Landmark Mitochonrdrial Studies at UW-Madison Continue 60-Year Tradition

Dr. Frederick Crane was a researcher under Dr. David E. Green in the mid-1950s, during the early days of the University of Wisconsin-Madison (UW-Madison) Enzyme Institute, when he made his defining discovery. The lab group was on a mission to determine, bit by bit, how mitochondria -- the power plants of cells -- generate the energy required to sustain life. What Dr. Crane found, a compound called coenzyme Q, was a missing piece of the puzzle and became a major part of the legacy of mitochondrial research at UW-Madison. But it was no accident. "It was the result of a long train of investigation into a mechanism of, and compounds involved in, biological energy conversion," Dr.
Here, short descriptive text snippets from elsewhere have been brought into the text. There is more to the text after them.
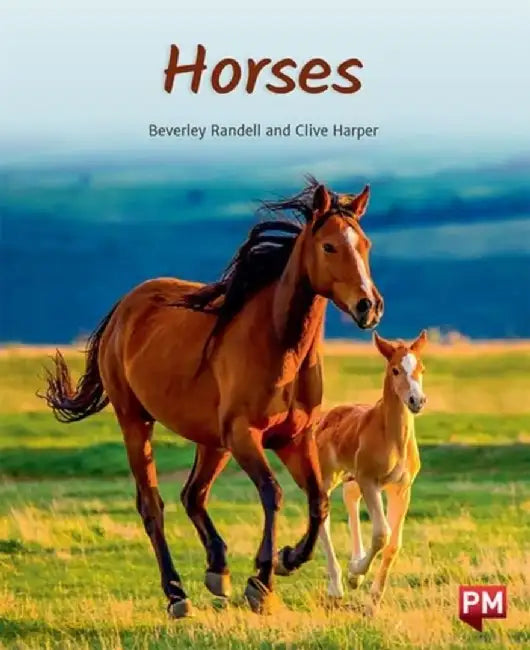 HORSES by BEVERLEY RANDELL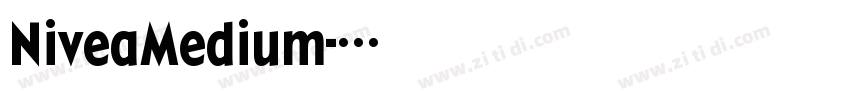 NiveaMedium字体转换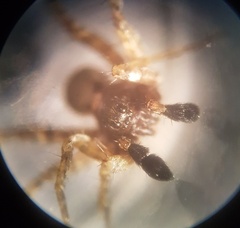 Pardosa hortensis
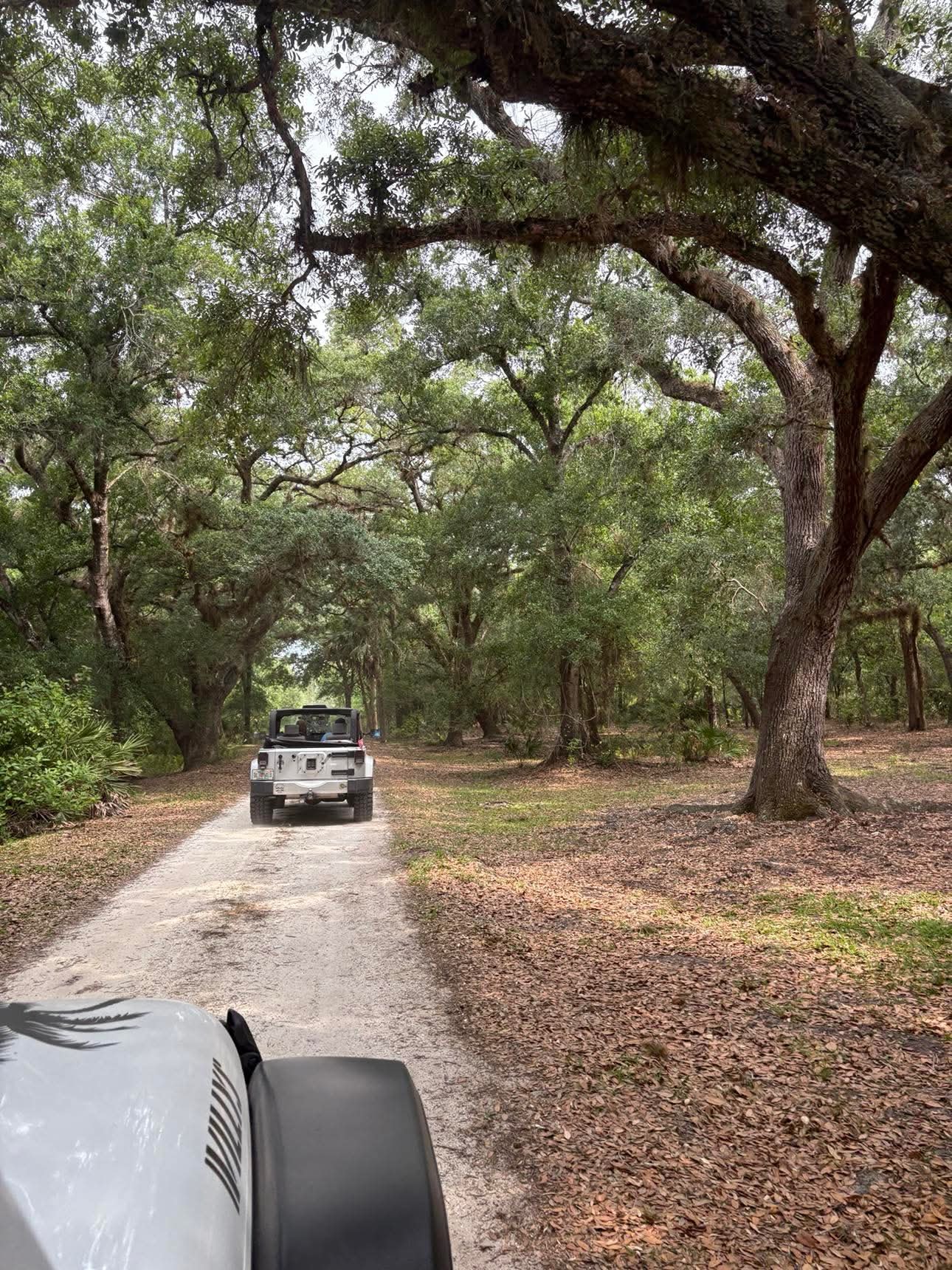 Jeep trailing through a canopy of oak trees on a Florida dirt road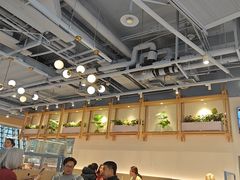 -翡翠拉面小笼包Crystal Jade(上海浦东国际机场T1店)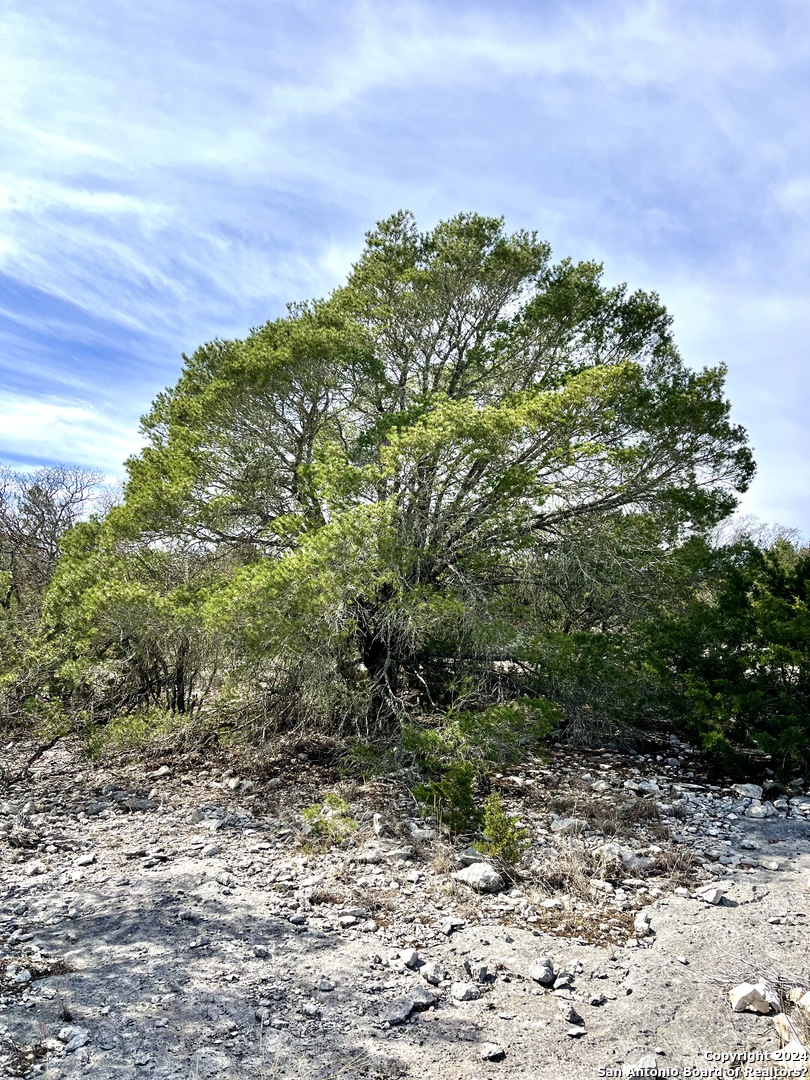 0 Sd63538 Rocksprings TX 78880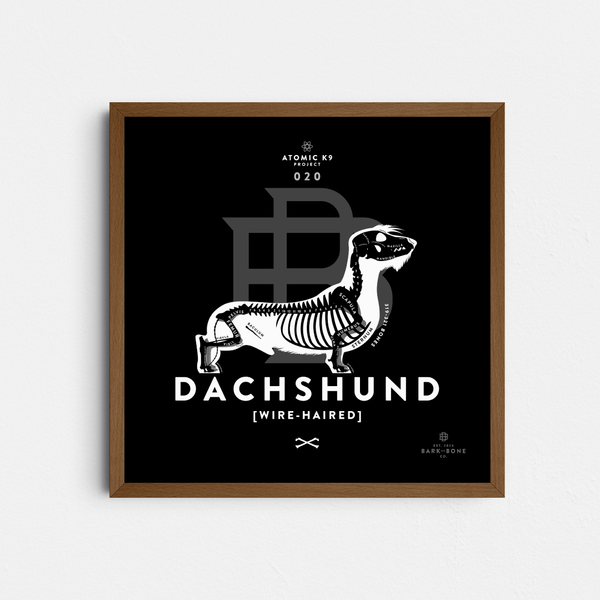 Dachshund Bone Print - 12" x 12"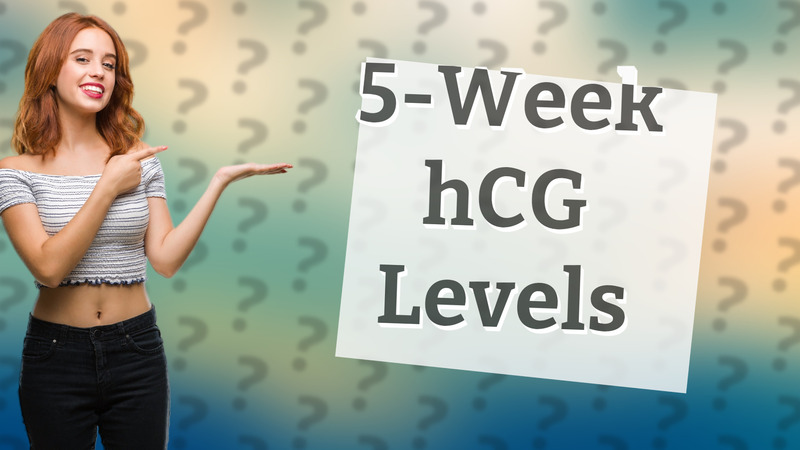 5-Week hCG Levels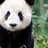 dingpanda avatar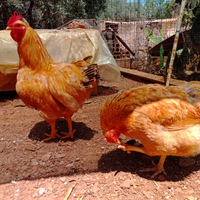 Gallina robusta Lionata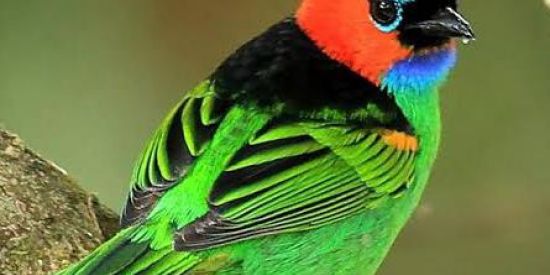 Imagem do grupo de WhatsApp Criadores de pasarosP.D.C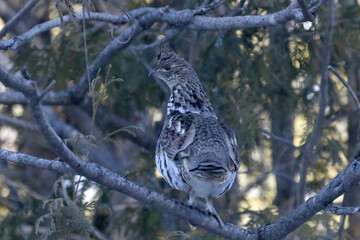 Ruffed Grouse in tree in winter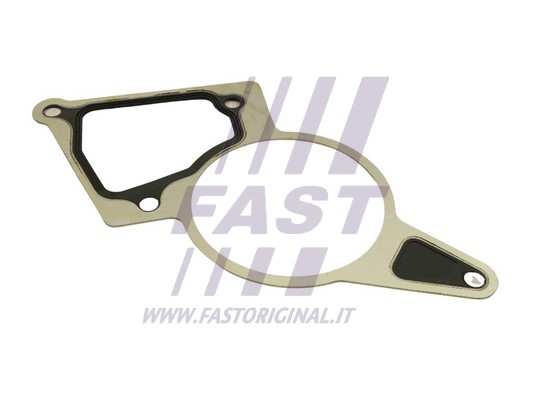 Gasket, vacuum pump
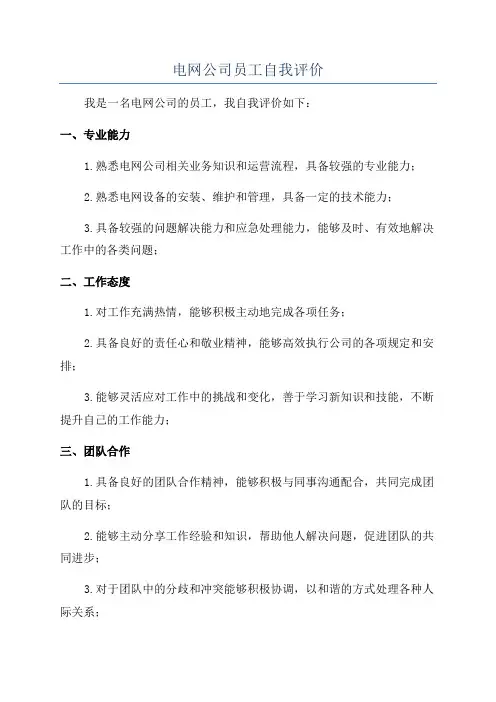 电网公司员工自我评价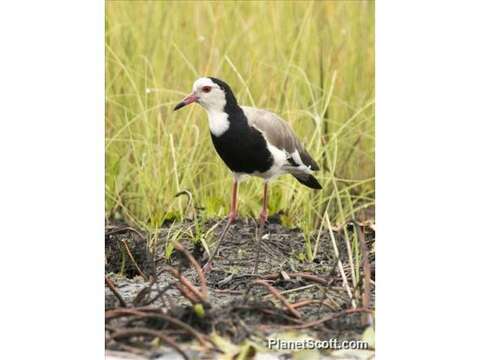 Image of Long-toed Lapwing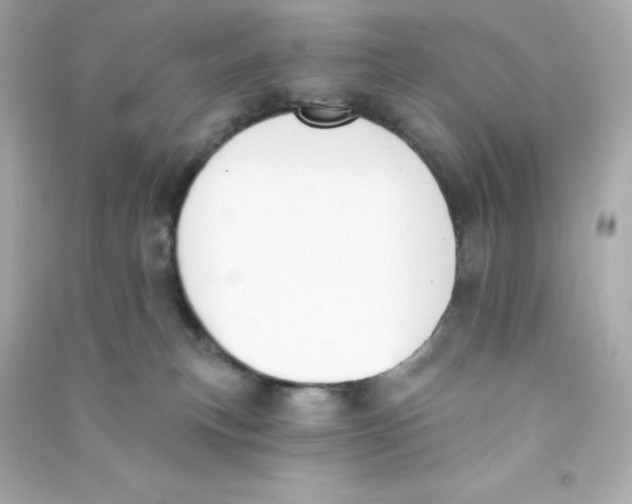 X0000090420183200708101951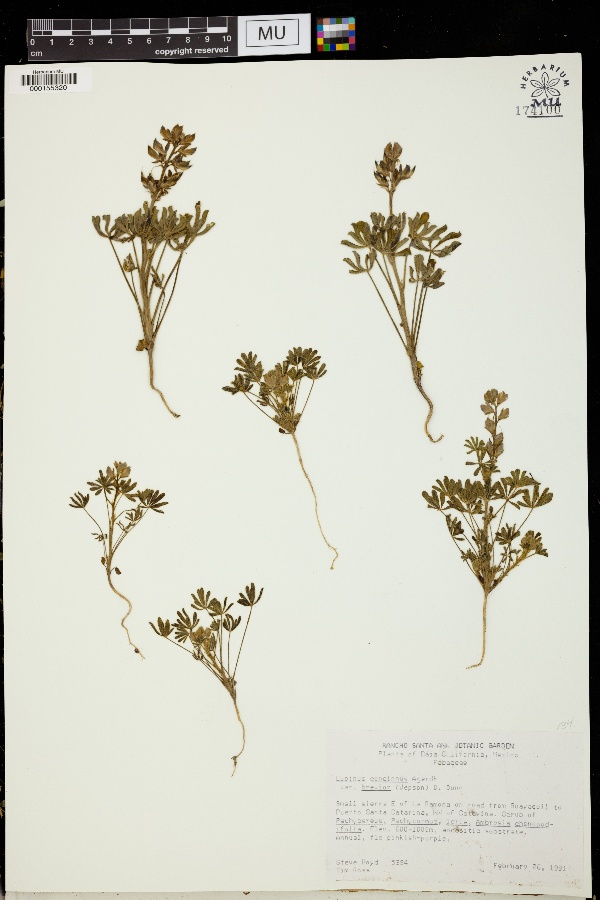 Lupinus concinnus var. brevior image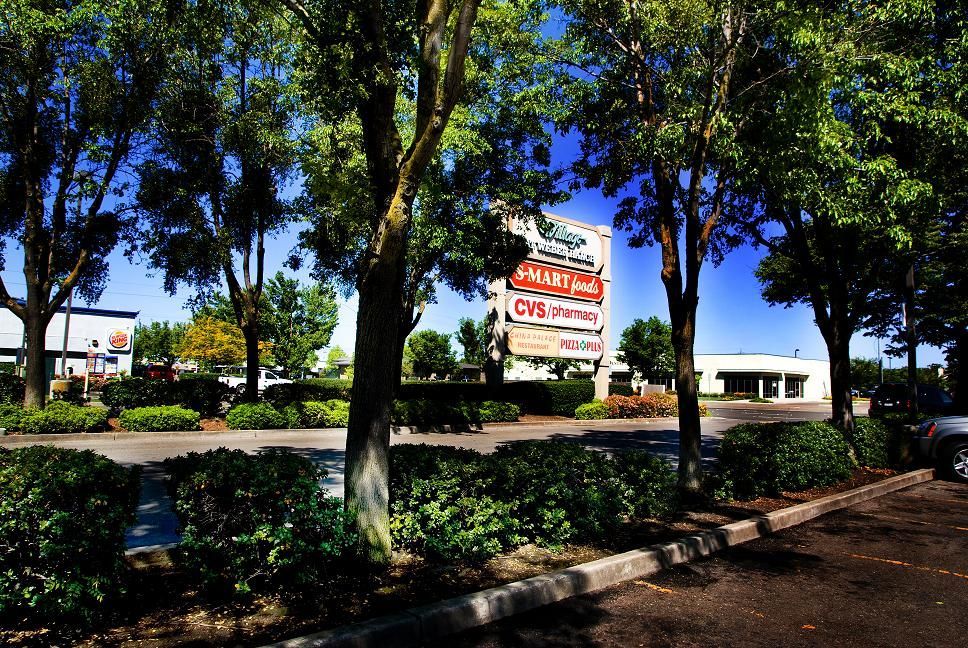 Tree-lined roadside with a sign for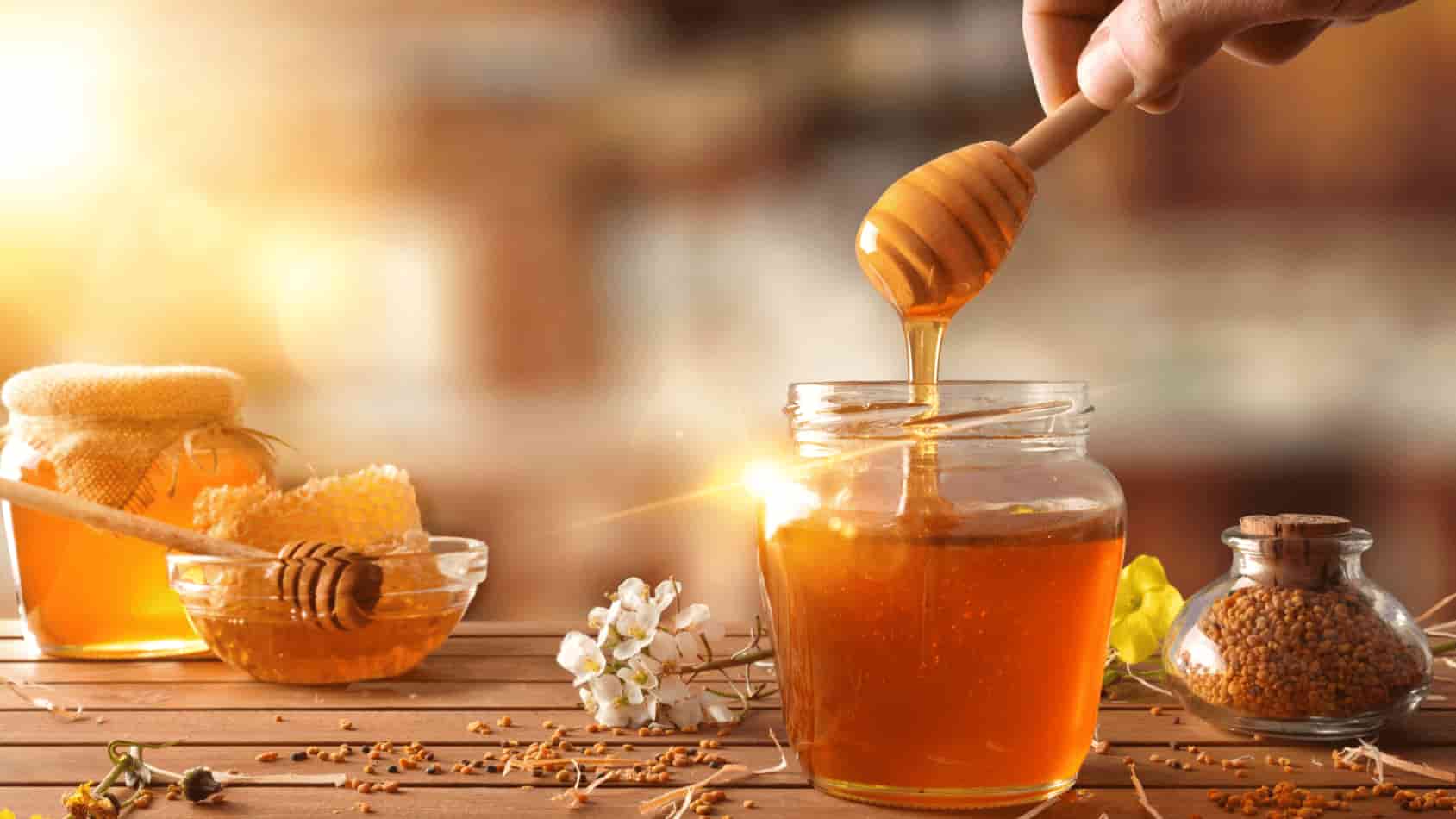 خرید و قیمت عسل ارگانیک + فروش عمده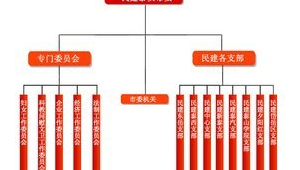 泰安网络推广组织架构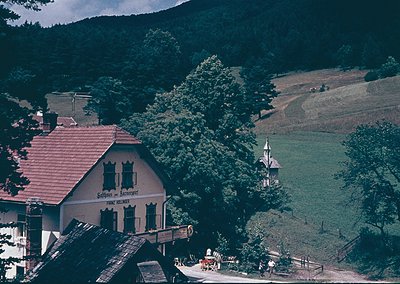 Vintage alpine lodge with red-tiled roof and sign reading *"Gasthof & Alpenrestaurant"* (est. 1898), nestled among dense fore...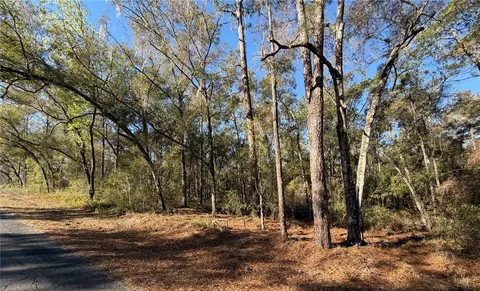 5230 S Robert Blake Ave, Inverness, FL 34452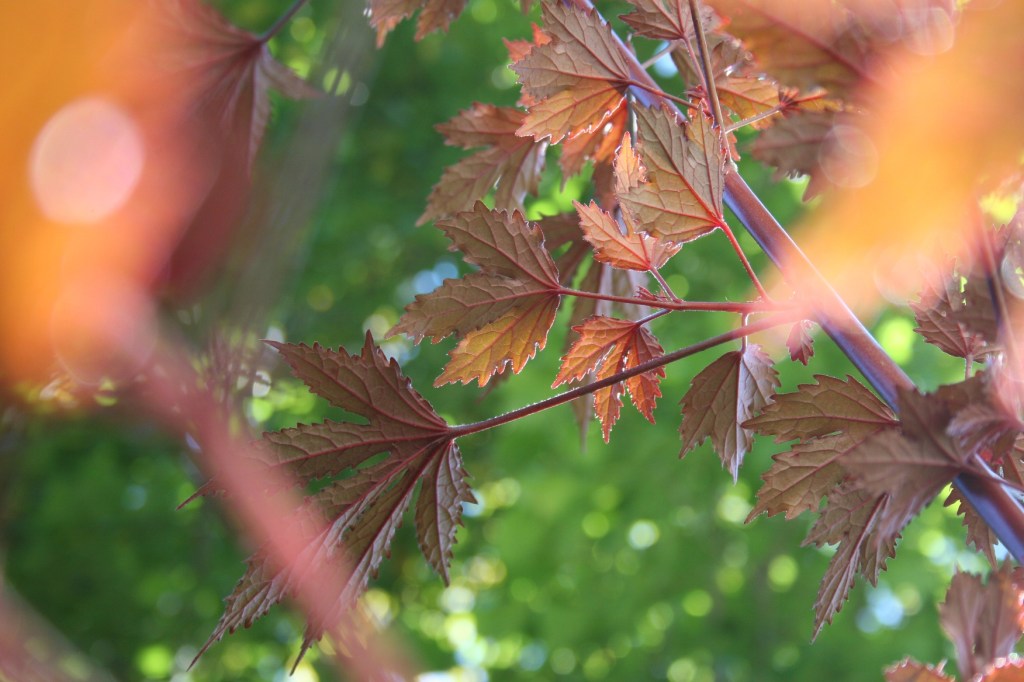 Hibiscus mahogany splendor, planted in two patio pots, has nearly reached the roof line of the garage.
Crane wrote in a 2007 review article of his discovery. Almost six decades later, that "long train" has grown even longer. Dr. Dave Pagliarini, a UW-Madison assistant professor of biochemistry, has established a new laboratory studying these dynamic organelles, the mitochondria. He recently published two studies shedding more light on coenzyme Q and how it's made, one in PNAS online on October 22, 2014. and another on December 11, 2014 in Molecular Cell. "Mitochondria are tiny structures in nearly all of our cells that are essential for producing our cellular energy and that house a wide array of metabolic processes," Dr. Pagliarini says. "When mitochondria don't work properly, many different human diseases can arise." These include cerebellar ataxia, certain kidney diseases, and severe childhood-onset multisystemic diseases. Coenzyme Q deficiency is a hallmark of these diseases, but scientists aren't sure why. "Nearly 60 years later, there is still much we don't know about how mitochondria make coenzyme Q and that has complicated our ability to target this pathway therapeutically," Dr. Pagliarini says.